EXERCISE DATA –
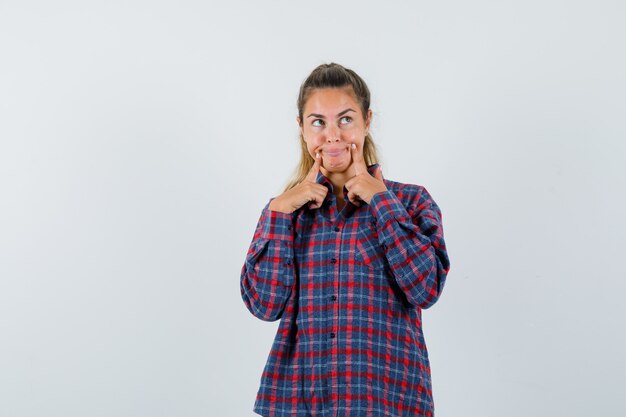 Mulher jovem segurando o dedo indicador perto da boca, forçando um sorriso em uma camisa quadriculada e parecendo feliz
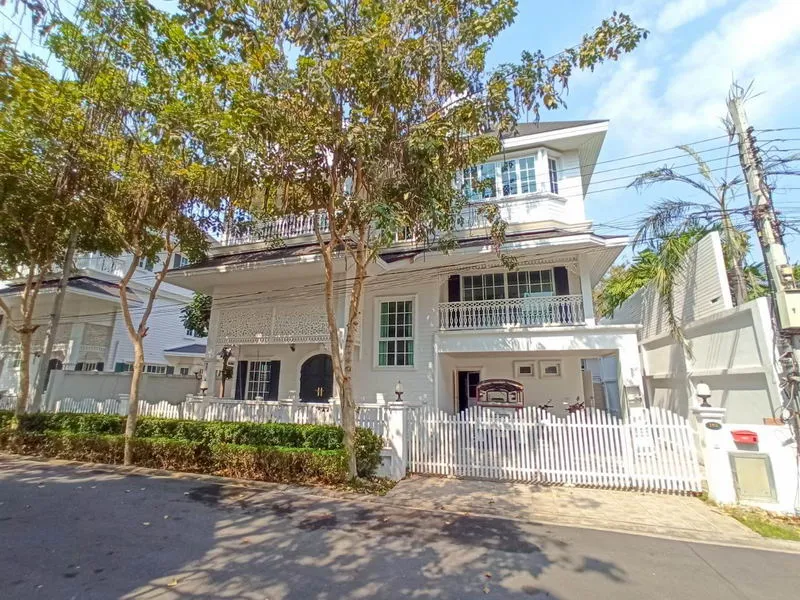 White two-story house with a picket fence and trees in front, under a clear blue sky.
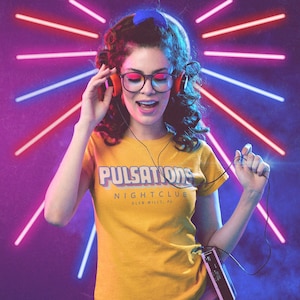 May include: A woman with curly brown hair is wearing a yellow t-shirt with the text "Pulsations Nightclub Glen Mills, PA". She is wearing headphones and singing along to music. The background is a purple and blue gradient with neon pink and blue lights.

EXERCISE PROMPT –
This exercise asks for an exact copy of the lines from the first one in the data through the line that contains "White two-story house", pictures excluded.

ANSWER TO THIS TASK –
 Mulher jovem segurando o dedo indicador perto da boca, forçando um sorriso em uma camisa quadriculada e parecendo feliz
 White two-story house with a picket fence and trees in front, under a clear blue sky.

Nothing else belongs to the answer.